The political scientist E.E. Schattschneider once called politics “the mobilization of bias.” By this, he meant something both simple and profound. All political battles are fights between competing interests, he noted, but political outcomes are almost always determined by the bias of those paying attention to the conflict. The trick is to make sure you mobilize the crowd that will cheer for you.

The recent extraordinary turn of events in the ongoing debate over regulating internet piracy made for a perfect illustration of Schattschneider's theory. By expanding what he called the “scope of conflict” (i.e., by engaging a public that suddenly seemed to care very much about the issue),  forces arrayed against proposed legislation fundamentally changed the political battle.

Prior to the Wednesday when Wikipedia went dark, most Americans had never heard of legislation known as SOPA (the Stop Online Piracy Act) in the House, and PIPA (the Protect Intellectual property Act) in the Senate.

For months the audience around the issue was dominated by a small group of Washington insiders, tilted in favor of the representatives of Hollywood, who had reason to believe they were on the verge of passing legislation to reduce trafficking in pirated movies, music, and goods. The lobbyists for the movie and music producers had diligently worked the Hill for months to make their arguments (the wheels of friendship and sympathy greased by campaign donations), and everything seemed ready to go.

But then Facebook, Google, Wikipedia and tens of thousands of others changed the scope of conflict in a flash. Harnessing the unique megaphone they had built as content providers, the online companies generated as many as 3 million e-mails to Congress, 7 million signatures and 3.9 million tweets. It was enough to cause many in Congress to wonder whether they had unwittingly kicked a hive.

To many in the Washington commentariat, this supposed David vs. Goliath story presaged a revolution in the way Washington influence would work from now on.  “SOPA protests by Google and Facebook upend traditional lobbying,” wrote Bloomberg News’ Eric Englemen, quoting experts explaining how the tech lobbying effort was “unprecedented” and “trying to reinvent how we carry out democratic politics.”; “Fights are no longer just about which side has the most – or best – lobbyists” wrote Politico’s Anna Palmer under the breathless headline: “K Street’s boom goes bust.”
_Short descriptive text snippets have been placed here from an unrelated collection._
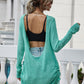 Drawstring Detail Open Back Scoop Neck Knit Top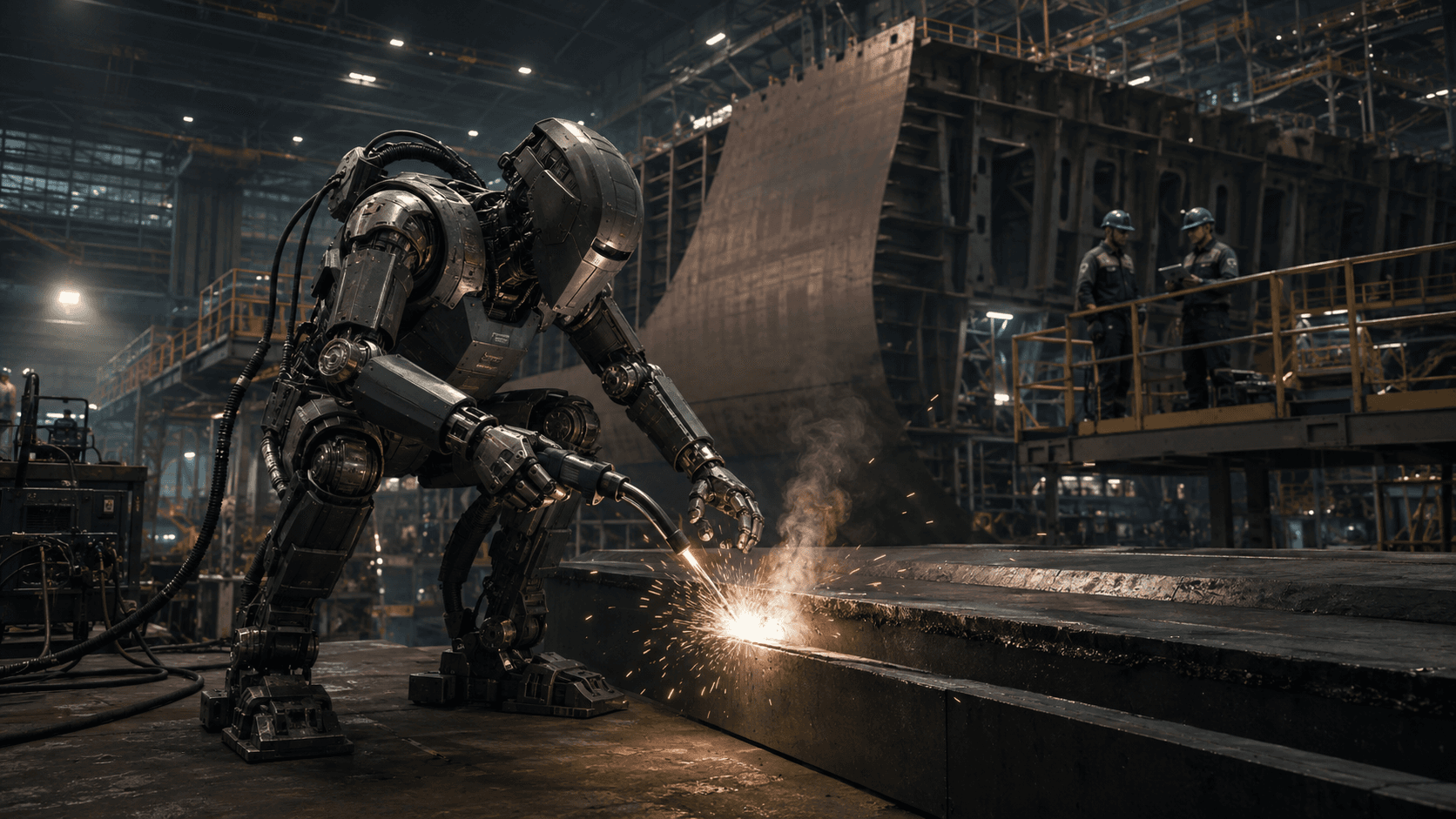 Editorial visualization of an industrial humanoid robot welding a steel structure inside a shipyard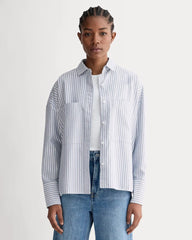 The Boxy Oxford | Bone / Mazarine Blue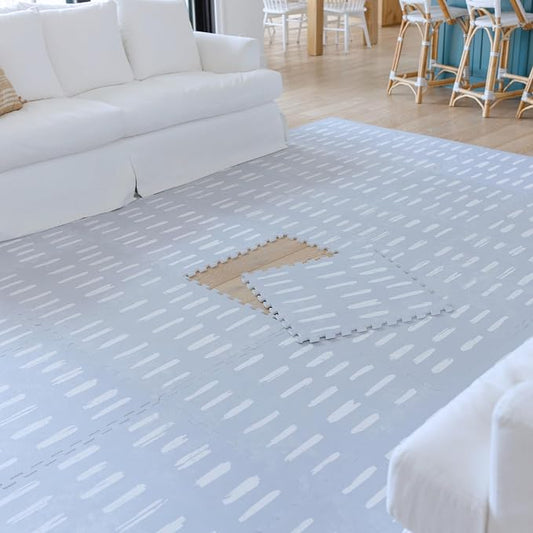 Little Landings Baby Play Mat for Floor - Shoreline (6x8ft) - Premium EVA Foam Play Mat for Babies & Toddlers (Ages 0-5+) Non-Toxic Playmat for Tummy Time, Crawling & Playroom - Stylish & Comfortable
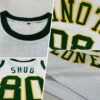 Custom White Green-Gold Authentic Throwback Basketball Jersey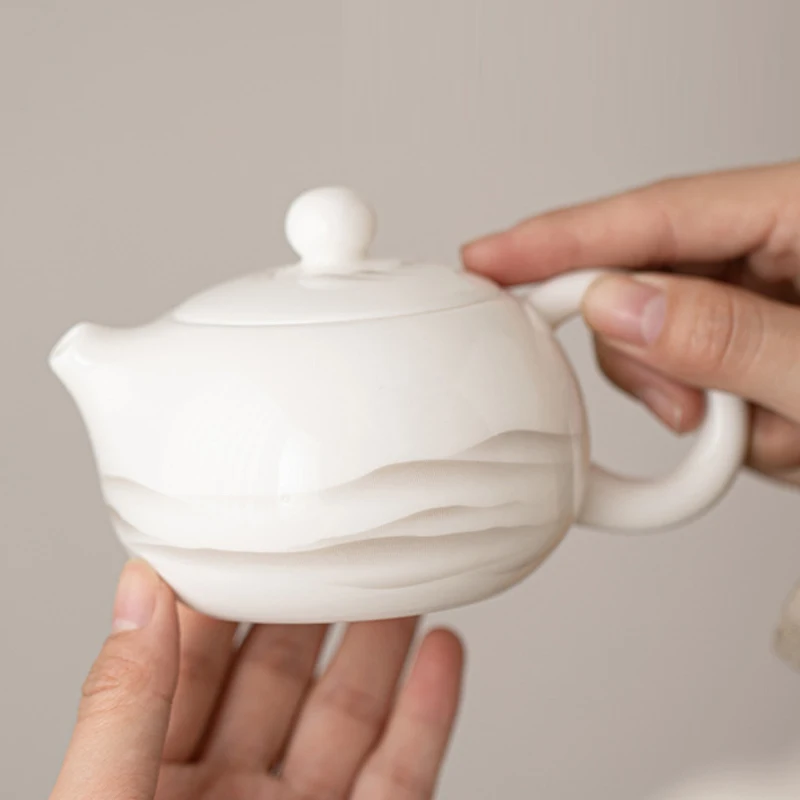 Chinese Style Ink Wash Pattern White Porcelain Teapot, Ceramic Small Xishi Tea Pot, Kung Fu Household, Handmade, 210ML, New, 1Pc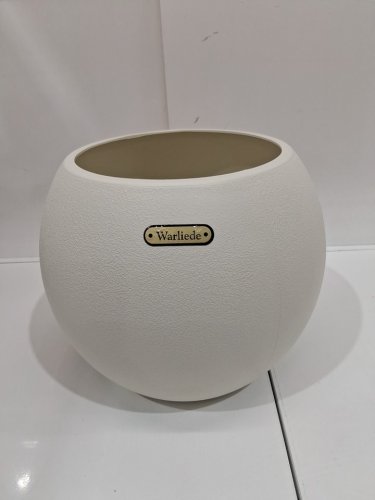 WARLIEDE Lightweight Durable Modern Plastic Sphere Planter with Drainage Hole & Rubber Plug - 5.3GAL - WHITE image 3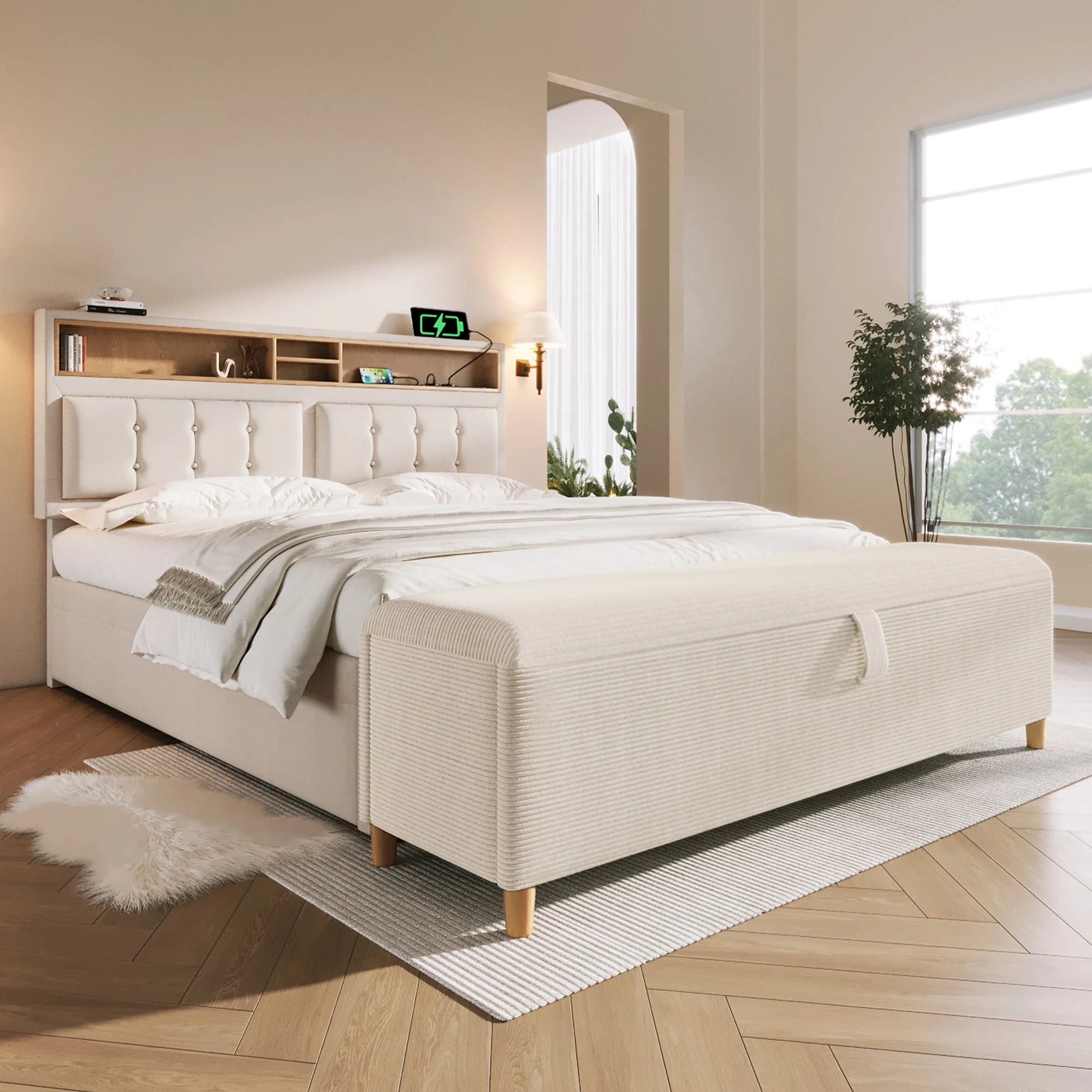 Upholstered Bed 140x200 Storage, USB Charging, Bed Bench - Linen Look - Image 7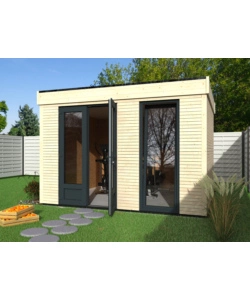CASETTA IN LEGNO DA GIARDINO PREFABBRICATA DECOR ET JARDIN "DECOR HOME 9MQ" IN ABETE BIANCO NORDICO 365X299X250 CM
Would that it were true. For one, the David and Goliath story is mostly a myth. And K Street is for sure not going bust anytime soon.

Yes, Hollywood does spend a lot of money on politics. But so does tech. The Motion Picture Association of American reported $1.3 million in lobbying expenditures through the first three quarters of 2011, and is now run by former Senator Chris Dodd. But Google spent $7.1 million over the same period, and has hired former House Democratic Minority Leader Richard Gephardt, among the 112 lobbyists registered to lobby for the company.  Google’s PACs and employees have given three times the money as the MPAA.

MORE: Political Party Time tracks pro- and anti-SOPA lobbyists.

And, as the Center for Responsive Politics’ Viveca Novak reported, computer and internet companies hired 246 lobbyists to advocate on SOPA and PIPA issues, as compared to 241 lobbyists hired by the TV, music and movie industry.  Companies lobbying on these issues spent $104.6 million combined on these issues in the fourth quarter of 2011. Yes, Hollywood has been at the influence game longer. But tech has been rapidly catching up the last few years.

Moreover, contrary to the Politico article, political fights have never been solely about which side has the most or best lobbyists. Substantial research in political science shows that, once issues are salient enough that there are coalitions and resources on both sides, victory is much more unpredictable. Not that money doesn’t matter. It’s just that there is often money on both sides, and the American system of government has a strong status quo bias. It’s very hard to get bills into law.

In many ways, what happened is a classic story of sunlight working. By calling public attention to a bill that was by most indications a poorly-drafted blunt-force instrument for combating Internet piracy, SOPA’s opponents put the bill back to the drawing board, where both sides will now have a chance to resolve the issue, hopefully in some sort of compromise fashion.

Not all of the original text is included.